Two women workers become public heroines  




At the Laundry Minimum Wage Conference of May 1914, three laundry girls gained a face. They were Johanna Hilts and Hilda O'Connor from Seattle, and "Mother" Julia Wilson of Spokane.

  

The papers closely reported on the 1914 Laundry Minimum Wage Conferences, especially the wranglings over what it cost a laundry girl to live.

Only the delegates were willing to speak as laundry girls, yet many laundry owners attended as lobbyists. (From Seattle, Pacific Laundryman listed representatives of the Troy, Model, Model Electric, Rainier, Cascade, Washington, American, Nelson, New Method, Metropolitan and Peerless Laundries). "Some 25 to 30 laundrymen," wrote the Seattle Star, "came to caucus..and with them the minimum wage law was interpreted to mean WHAT IS THE IRREDUCIBLE MINIMUM UPON WHICH A GIRL CAN EXIST?"

Delegates argued over the necessity of petticoats, the quality of hats and shoes a laundry girl deserved - even the amount of handkerchiefs needed per year.

The passionate testimony of Seattle laundry girls Joanna Hilts and Hilda O'Connor captured public imagination. Owners rebuked O'Connor, whose husband was a laundry driver, for requiring a "higher standard of living than a single girl".

Yet, when O'Connor was asked how much girls required for shoes, "she said the laundry girls required three pairs per year, at $3 a pair for shop use and one pair at $3 for 'dress'." When an owner asked if one pair of $4 shoes might not do, the Star reported O'Connor smiled as she replied, "I cannot answer...I never had a pair of $4 shoes in my life." She had worked as a laundry girl, the paper noted, for 14 years.

"Miss Hilts,' they wrote, "knows the laundry business from top to bottom, having worked in all departments. Her description of the effects of operating the different kinds of machines in the laundries and how the strain and jar of this work crippled and otherwise broke down the women...until serious operations and long periods of sickness were of frequent occurrence."

"She also told of the effect of the hot stench that came from the dirty clothes" and the "temperature that frequently ran to 100 degrees". One paper described it as a "bombshell" thrown "into the camp of the laundry-owners".

Laundry owner Frank Nixon opposed the girls' every plea, eventually provoking O'Connor to demand, "Do you know what it means to eat on $2 a week...It means less than ten cents a meal. Have you ever eaten a ten-cent meal?" When Nixon replied that he had, the hearing adjourned for lunch.

Hilts and O'Connor trailed Nixon to Doan's restaurant - and secretly pocketed the receipt for his lunch. How she used it made Hilts a public heroine.

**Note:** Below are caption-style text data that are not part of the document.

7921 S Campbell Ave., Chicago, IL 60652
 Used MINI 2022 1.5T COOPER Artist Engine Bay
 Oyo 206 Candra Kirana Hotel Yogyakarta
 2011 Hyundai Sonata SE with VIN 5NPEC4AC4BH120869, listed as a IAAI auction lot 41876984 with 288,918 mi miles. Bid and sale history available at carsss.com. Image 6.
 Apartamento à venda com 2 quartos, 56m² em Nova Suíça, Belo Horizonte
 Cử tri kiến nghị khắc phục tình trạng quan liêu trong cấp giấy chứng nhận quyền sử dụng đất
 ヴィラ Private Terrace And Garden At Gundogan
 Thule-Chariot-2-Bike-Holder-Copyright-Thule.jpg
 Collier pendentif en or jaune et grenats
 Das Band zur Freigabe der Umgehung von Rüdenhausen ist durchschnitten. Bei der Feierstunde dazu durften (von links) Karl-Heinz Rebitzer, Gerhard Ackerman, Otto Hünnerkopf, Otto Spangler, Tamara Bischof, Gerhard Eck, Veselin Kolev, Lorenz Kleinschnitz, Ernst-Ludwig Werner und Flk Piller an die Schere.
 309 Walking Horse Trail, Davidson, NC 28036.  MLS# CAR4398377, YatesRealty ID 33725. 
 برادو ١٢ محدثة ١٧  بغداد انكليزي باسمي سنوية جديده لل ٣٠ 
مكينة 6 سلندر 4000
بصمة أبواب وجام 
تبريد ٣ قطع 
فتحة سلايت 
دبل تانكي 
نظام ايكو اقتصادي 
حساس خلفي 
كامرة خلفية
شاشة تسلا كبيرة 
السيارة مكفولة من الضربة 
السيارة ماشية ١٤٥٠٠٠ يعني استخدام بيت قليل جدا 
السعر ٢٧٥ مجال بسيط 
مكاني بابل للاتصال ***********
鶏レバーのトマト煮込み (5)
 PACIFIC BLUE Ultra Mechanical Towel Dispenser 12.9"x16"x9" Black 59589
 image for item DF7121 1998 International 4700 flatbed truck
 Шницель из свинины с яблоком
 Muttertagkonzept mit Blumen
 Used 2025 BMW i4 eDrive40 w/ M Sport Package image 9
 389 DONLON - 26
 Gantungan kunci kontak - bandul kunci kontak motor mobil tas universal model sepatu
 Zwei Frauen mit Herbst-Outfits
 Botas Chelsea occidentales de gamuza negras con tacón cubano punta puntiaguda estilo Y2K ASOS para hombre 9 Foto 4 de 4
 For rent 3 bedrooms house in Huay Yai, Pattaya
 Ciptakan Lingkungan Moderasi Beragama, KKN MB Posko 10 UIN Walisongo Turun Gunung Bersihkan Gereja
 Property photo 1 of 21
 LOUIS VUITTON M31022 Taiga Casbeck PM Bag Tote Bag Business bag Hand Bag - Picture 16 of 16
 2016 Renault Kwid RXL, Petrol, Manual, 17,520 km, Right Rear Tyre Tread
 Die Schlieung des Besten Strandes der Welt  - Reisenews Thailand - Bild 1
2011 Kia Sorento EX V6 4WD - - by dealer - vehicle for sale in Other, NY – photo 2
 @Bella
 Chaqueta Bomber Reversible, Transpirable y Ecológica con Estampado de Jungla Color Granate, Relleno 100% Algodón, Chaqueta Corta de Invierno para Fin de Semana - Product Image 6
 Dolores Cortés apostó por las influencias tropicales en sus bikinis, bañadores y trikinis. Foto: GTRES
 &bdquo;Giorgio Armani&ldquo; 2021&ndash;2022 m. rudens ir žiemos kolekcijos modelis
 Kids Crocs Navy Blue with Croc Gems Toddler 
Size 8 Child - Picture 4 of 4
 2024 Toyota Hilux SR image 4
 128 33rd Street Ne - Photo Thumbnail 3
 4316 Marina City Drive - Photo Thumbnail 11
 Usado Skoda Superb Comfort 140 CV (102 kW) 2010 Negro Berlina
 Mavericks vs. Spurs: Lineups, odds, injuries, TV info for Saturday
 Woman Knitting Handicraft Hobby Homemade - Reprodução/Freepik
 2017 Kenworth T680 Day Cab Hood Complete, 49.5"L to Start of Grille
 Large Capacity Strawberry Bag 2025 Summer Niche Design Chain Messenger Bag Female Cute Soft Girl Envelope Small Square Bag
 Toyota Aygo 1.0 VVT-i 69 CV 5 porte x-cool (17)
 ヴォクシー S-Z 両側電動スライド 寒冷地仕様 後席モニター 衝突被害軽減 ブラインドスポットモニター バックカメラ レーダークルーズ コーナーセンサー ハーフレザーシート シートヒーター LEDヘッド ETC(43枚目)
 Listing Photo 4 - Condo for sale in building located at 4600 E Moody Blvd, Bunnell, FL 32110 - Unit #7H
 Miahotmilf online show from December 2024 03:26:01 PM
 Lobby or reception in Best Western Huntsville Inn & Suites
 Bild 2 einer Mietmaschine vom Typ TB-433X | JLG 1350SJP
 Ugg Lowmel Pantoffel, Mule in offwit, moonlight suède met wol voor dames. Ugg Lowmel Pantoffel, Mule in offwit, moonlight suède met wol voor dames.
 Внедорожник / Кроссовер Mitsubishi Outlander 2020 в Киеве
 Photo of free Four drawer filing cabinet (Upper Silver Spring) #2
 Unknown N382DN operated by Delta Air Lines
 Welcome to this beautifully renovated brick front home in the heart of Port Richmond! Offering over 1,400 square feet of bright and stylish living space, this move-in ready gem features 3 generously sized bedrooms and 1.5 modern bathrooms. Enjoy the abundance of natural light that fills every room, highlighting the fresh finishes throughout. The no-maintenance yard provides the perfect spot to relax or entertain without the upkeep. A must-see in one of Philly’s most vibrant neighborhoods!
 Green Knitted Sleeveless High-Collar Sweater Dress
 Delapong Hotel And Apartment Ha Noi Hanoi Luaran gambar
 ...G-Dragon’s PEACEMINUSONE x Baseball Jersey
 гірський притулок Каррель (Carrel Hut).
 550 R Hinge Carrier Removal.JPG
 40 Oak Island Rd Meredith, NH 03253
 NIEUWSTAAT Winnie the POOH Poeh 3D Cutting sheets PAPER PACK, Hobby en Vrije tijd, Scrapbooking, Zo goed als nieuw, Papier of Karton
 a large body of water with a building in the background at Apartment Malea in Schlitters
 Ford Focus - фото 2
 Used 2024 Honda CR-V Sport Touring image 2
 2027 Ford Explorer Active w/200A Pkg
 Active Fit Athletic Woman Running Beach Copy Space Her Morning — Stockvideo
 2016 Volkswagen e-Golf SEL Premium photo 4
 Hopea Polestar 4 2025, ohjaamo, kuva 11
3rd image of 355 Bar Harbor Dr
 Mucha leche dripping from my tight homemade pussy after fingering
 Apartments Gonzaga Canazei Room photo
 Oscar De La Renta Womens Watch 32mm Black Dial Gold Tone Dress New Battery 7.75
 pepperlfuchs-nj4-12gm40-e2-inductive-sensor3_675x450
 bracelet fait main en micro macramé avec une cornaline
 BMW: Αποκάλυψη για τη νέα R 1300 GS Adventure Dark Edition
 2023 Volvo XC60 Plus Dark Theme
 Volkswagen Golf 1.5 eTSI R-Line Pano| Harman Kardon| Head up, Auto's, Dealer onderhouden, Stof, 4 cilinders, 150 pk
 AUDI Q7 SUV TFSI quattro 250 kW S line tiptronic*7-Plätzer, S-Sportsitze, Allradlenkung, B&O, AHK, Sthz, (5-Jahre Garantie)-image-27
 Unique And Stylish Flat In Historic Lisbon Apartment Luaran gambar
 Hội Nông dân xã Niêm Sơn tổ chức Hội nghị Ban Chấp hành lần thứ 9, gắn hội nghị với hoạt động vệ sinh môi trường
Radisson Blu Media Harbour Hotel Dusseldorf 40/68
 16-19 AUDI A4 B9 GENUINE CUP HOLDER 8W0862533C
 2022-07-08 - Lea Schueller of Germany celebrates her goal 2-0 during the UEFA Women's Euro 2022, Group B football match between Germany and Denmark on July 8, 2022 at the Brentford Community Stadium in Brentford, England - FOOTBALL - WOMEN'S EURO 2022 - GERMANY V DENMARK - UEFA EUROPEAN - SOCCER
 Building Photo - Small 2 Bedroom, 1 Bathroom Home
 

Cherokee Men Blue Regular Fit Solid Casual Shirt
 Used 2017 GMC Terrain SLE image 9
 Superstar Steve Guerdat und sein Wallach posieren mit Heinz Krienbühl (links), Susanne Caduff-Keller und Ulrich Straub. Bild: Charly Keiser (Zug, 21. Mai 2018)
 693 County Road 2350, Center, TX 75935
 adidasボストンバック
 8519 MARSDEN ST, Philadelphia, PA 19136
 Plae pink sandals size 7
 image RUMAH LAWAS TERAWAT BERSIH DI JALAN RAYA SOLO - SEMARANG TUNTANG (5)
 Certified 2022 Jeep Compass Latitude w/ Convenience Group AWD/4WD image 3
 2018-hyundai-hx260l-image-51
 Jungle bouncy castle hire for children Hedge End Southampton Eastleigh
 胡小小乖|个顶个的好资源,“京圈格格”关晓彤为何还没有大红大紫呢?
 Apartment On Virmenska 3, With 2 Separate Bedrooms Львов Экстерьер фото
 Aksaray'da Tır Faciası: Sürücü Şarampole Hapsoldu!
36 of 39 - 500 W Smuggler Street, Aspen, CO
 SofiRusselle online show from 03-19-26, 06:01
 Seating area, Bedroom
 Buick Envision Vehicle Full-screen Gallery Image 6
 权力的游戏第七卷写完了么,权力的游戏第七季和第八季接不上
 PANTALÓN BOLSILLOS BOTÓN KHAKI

Taking the stand that afternoon, she addressed Nixon directly, saying, "It's easy enough for you to say that girls can eat at ten cents a meal. Talking that way doesn't hurt your stomach and it doesn't make your heart faint and your head swim as you slave, slave, slave. What do you know about ten-cent meals, Mr. Nixon? Your meal at noon today - here in Olympia - cost $2.40 all for yourself. You've allowed yourself at one sitting more than you would give a laundry girls for all week!"